Avec une condition : des entreprises
françaises devaient rafler seules ce gargantuesque gâteau. Satisfait de
ce marché, le président Ouattara songe déjà à la deuxième ligne de
métro ; le fardeau de la dette n’a pas l’air d’alarmer l’ancien
directeur Afrique du FMI, arrivé au pouvoir en 2011, au terme d’une
violente crise postélectorale, sur le dos d’une rébellion armée appuyée
par la force française Licorne.
Loin d’une quelconque démarche d’aide,
le plan de « soutien financier » imaginé à Paris consiste pourtant
essentiellement en des prêts souverains…
De quoi resserrer encore la tutelle
économique et politique sur la Côte d’Ivoire. « Si le pays enregistre
un taux de croissance de l’ordre de 8 % (7,7 % en 2016), (…) le besoin
en infrastructures, en couverture des besoins sociaux de base (éducation
santé) et les récentes tensions militaires et budgétaires nécessitent
un appui fort de la communauté internationale des bailleurs, au premier
rang desquels la France.
La Côte d’Ivoire est redevenue éligible
aux prêts souverains de l’AFD en décembre 2016 et continue d’être
appuyée via les contrats de désendettement et de développement »,
justifiait le ministre de l’Économie et des Finances, Bruno Le Maire, le
10 octobre 2017.
Créés en 2001 pour matérialiser
l’engagement des pays créanciers d’annuler les dettes bilatérales des
pays ayant atteint le point d’achèvement de l’initiative « pays pauvres
très endettés » (PPTE), les contrats de désendettement et de
développement (C2D) offrent, pour Paris, une juteuse alternative à
l’annulation « sèche » des dettes, converties cash, ici, en influence
française.
Signés avec trois pays latino-américains
et quinze pays d’Afrique, les C2D sont devenus l’outil privilégié de la
politique d’aide publique au développement.

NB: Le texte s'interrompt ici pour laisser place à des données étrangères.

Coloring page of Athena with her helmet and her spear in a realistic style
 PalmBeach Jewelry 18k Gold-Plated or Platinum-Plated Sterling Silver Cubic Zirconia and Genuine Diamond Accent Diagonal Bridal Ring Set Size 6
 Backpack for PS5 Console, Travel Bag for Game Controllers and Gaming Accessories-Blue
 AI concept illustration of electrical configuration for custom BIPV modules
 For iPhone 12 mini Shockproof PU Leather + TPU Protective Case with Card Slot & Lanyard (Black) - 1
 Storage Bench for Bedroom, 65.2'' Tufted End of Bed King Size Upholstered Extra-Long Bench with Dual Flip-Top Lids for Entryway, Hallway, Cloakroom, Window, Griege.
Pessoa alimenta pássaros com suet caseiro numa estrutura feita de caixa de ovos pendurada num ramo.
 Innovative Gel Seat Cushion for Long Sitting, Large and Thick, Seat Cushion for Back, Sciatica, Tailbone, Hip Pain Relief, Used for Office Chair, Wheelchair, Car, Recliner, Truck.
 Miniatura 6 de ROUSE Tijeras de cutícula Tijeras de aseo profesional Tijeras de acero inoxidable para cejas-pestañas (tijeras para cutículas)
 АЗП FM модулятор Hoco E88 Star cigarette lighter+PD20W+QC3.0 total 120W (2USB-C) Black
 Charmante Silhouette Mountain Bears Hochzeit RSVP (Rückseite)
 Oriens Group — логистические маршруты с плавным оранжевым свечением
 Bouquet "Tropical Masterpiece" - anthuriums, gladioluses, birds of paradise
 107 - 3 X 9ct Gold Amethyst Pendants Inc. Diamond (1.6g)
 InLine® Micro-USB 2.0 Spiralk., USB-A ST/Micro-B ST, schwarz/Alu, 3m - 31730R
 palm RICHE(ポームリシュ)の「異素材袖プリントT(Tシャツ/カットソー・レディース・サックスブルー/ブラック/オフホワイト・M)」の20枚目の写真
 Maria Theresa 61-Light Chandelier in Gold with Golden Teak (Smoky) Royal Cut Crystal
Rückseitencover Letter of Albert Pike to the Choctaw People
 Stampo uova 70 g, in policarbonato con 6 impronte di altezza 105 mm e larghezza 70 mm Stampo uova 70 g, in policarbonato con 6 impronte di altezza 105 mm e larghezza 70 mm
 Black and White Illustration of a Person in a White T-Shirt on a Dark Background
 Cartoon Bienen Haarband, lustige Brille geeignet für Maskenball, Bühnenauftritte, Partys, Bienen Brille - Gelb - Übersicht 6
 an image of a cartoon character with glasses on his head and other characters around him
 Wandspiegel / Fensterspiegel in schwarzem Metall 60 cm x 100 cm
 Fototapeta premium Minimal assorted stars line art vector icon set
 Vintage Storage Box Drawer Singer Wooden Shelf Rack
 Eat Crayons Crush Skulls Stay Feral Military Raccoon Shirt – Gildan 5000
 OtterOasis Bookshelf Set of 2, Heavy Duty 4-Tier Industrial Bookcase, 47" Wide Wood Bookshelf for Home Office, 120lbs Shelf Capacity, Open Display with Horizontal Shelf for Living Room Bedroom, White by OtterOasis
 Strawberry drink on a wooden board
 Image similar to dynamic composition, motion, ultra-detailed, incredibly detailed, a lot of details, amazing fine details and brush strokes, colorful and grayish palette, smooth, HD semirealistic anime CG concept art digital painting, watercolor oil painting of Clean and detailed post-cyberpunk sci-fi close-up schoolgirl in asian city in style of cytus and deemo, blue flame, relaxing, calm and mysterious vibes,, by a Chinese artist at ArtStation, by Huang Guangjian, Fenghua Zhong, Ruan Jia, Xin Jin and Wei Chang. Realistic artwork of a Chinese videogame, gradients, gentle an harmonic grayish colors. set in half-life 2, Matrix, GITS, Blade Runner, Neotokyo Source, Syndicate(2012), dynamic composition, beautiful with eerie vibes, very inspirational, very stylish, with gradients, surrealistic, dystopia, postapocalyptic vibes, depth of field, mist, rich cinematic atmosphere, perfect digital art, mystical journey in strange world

Ce dispositif, qui concerne un montant
total de dette de 5,33 milliards d’euros, repose sur un mécanisme de
refinancement par dons des échéances acquittées. En clair, Paris reverse
aux pays débiteurs les sommes qu’ils ont remboursées, en fléchant ces
fonds vers les « projets de développement » qu’elle juge les plus
profitables à ses intérêts et, surtout, à ceux des grands groupes
français.
Sans surprise, les principaux secteurs
d’intervention sont les équipements et les infrastructures (25 %), les
plus propices aux investissements français les plus rentables.
DES LOGIQUES DE GUERRE ÉCONOMIQUE
Dans un rapport publié il y a deux ans
pour tirer le bilan de ce dispositif, le Quai d’Orsay admet qu’il n’a
« pas permis de produire un effet notable sur la réduction du niveau
d’endettement des pays bénéficiaires ». Les C2D offrent en fait une
parfaite illustration des logiques de rentabilité financière et de
guerre économique qui guident désormais les politiques françaises d’aide
au développement.
Opérateur pivot de l’aide publique au
développement (APD), l’Agence française de développement (AFD), une
agence de coopération qui s’est muée en banque, revendique elle-même une
mission consistant à « ouvrir des opportunités pour les entreprises
françaises ».
Conséquence de ces orientations : la
part des dons affectés à des programmes utiles aux populations se réduit
comme peau de chagrin. « Depuis 2006, les prêts dans l’APD française
ont triplé de volume tandis que les subventions ont été divisées par
deux, délaissant ainsi le soutien aux secteurs sociaux de base (santé,
éducation, eau et assainissement, etc.) et les projets d’adaptation au
changement climatique dans les pays les plus pauvres », relevait le
sénateur Pierre Laurent, secrétaire national du PCF, dans une question
écrite à Jean-Yves Le Drian, ministre des Affaires étrangères, le 12
juillet.
Sur les 9,4 milliards d’euros engagés en
2016 par l’AFD, 84 % l’ont été sous forme de prêts. De quoi verrouiller
les rapports de dépendance que perpétue la dette des pays du Sud.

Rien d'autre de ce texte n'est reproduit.